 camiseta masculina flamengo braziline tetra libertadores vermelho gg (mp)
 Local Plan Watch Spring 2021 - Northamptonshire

+ + + +

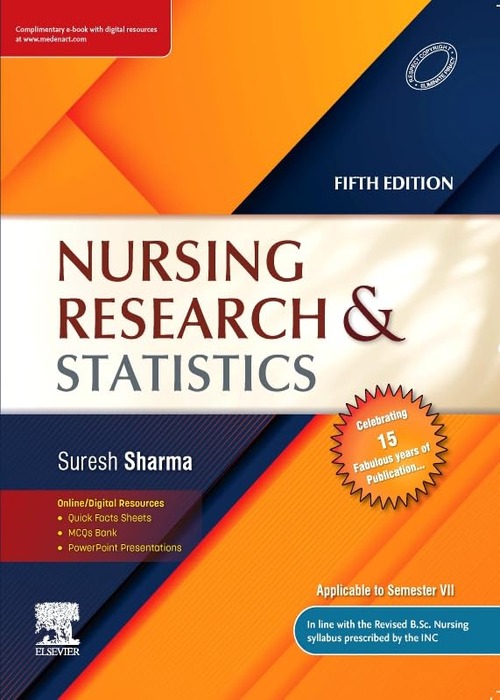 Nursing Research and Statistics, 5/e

+ + + +

What you are asked to do:
Return, unchanged, the run of lines above that opens with the line containing "camiseta masculina flamengo" and closes with the line containing "Local Plan Watch". Include both.

Answer box:
 camiseta masculina flamengo braziline tetra libertadores vermelho gg (mp)
 Local Plan Watch Spring 2021 - Northamptonshire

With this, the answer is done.